_ABOUT THIS EXERCISE_: When you reach the line below that has "Sudadera mascota disco ball GRIS", start returning lines exactly, and stop after the line that has "YATO YT-0561 Hosszú"; skip the pictures.

_INFORMATION PROVIDED_:
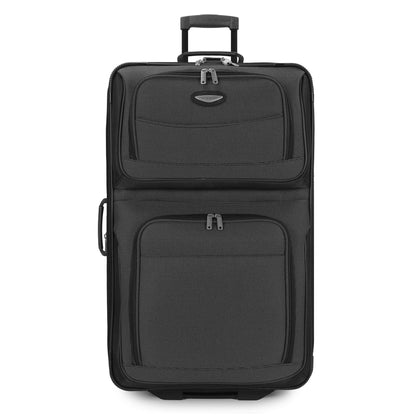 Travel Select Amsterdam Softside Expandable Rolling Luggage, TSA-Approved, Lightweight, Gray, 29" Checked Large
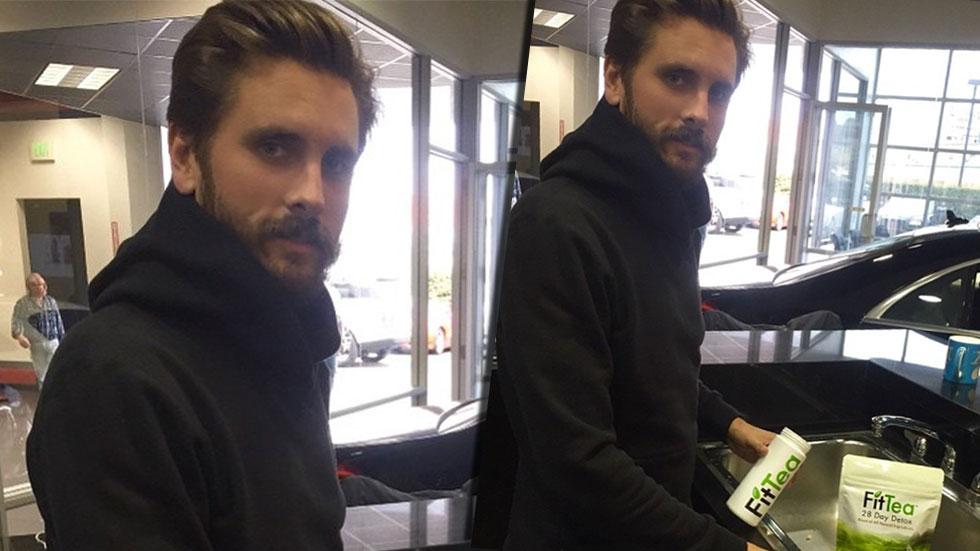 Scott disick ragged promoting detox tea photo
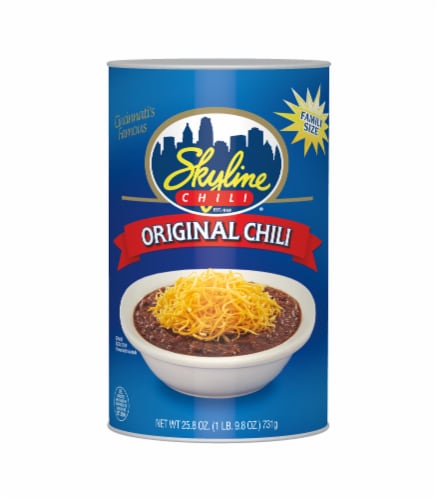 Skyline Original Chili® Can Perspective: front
==
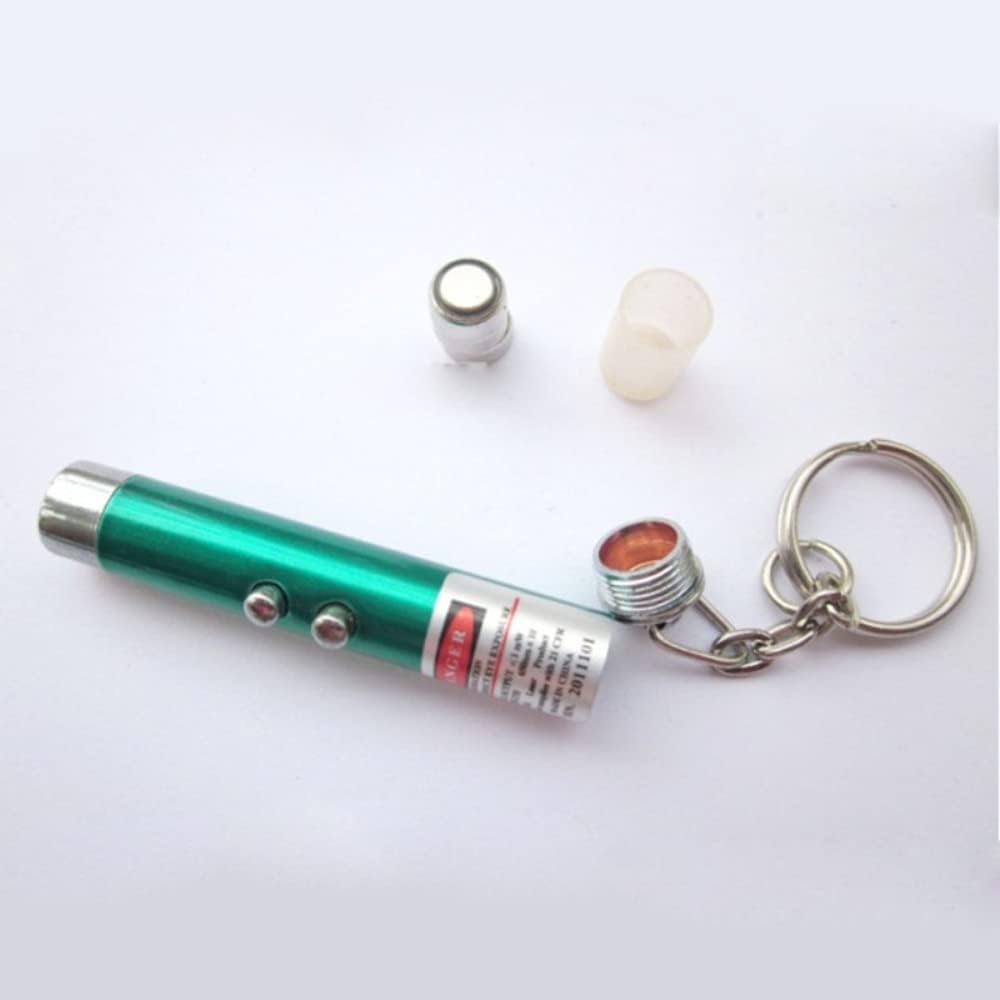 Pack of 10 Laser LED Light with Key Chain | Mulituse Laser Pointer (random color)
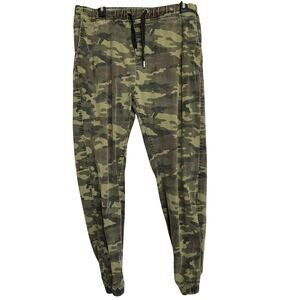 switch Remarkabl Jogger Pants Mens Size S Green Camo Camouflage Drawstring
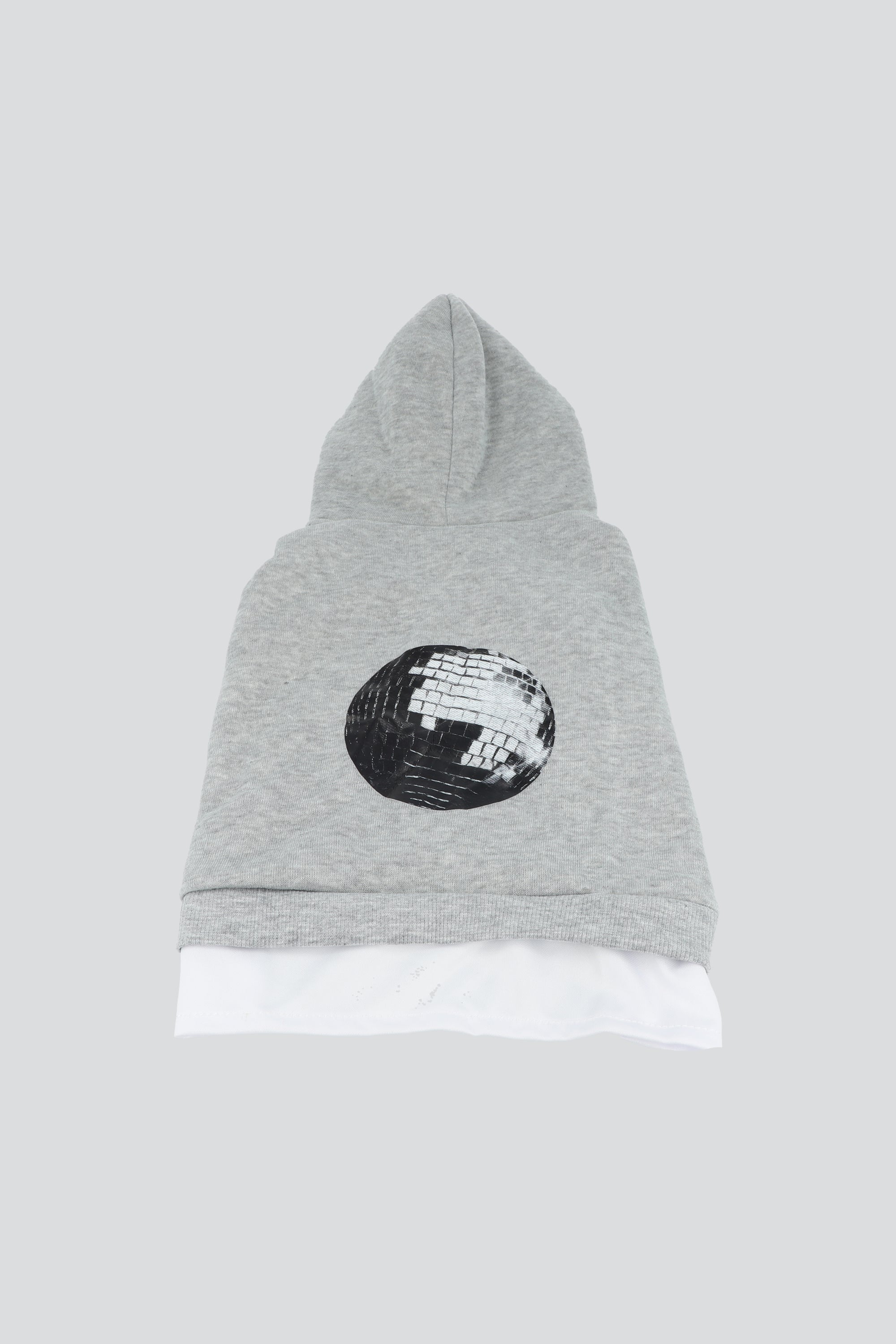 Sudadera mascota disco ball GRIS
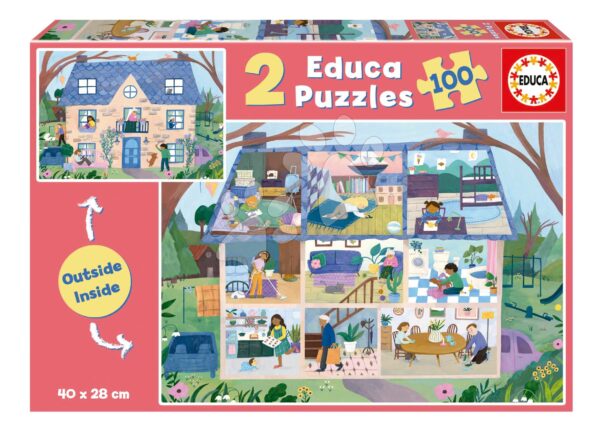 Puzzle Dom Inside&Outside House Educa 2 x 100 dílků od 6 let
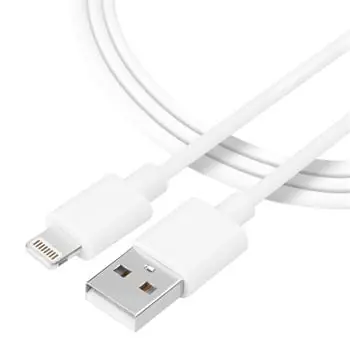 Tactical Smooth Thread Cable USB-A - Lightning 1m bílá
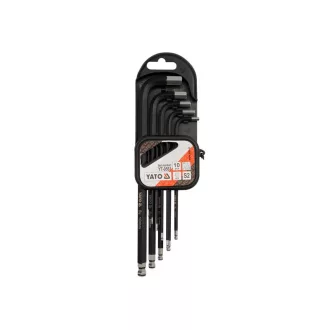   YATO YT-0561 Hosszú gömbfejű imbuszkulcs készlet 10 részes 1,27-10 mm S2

_SOLUTION FOR THIS EXERCISE_:
 Sudadera mascota disco ball GRIS
 Puzzle Dom Inside&Outside House Educa 2 x 100 dílků od 6 let
 Tactical Smooth Thread Cable USB-A - Lightning 1m bílá
   YATO YT-0561 Hosszú gömbfejű imbuszkulcs készlet 10 részes 1,27-10 mm S2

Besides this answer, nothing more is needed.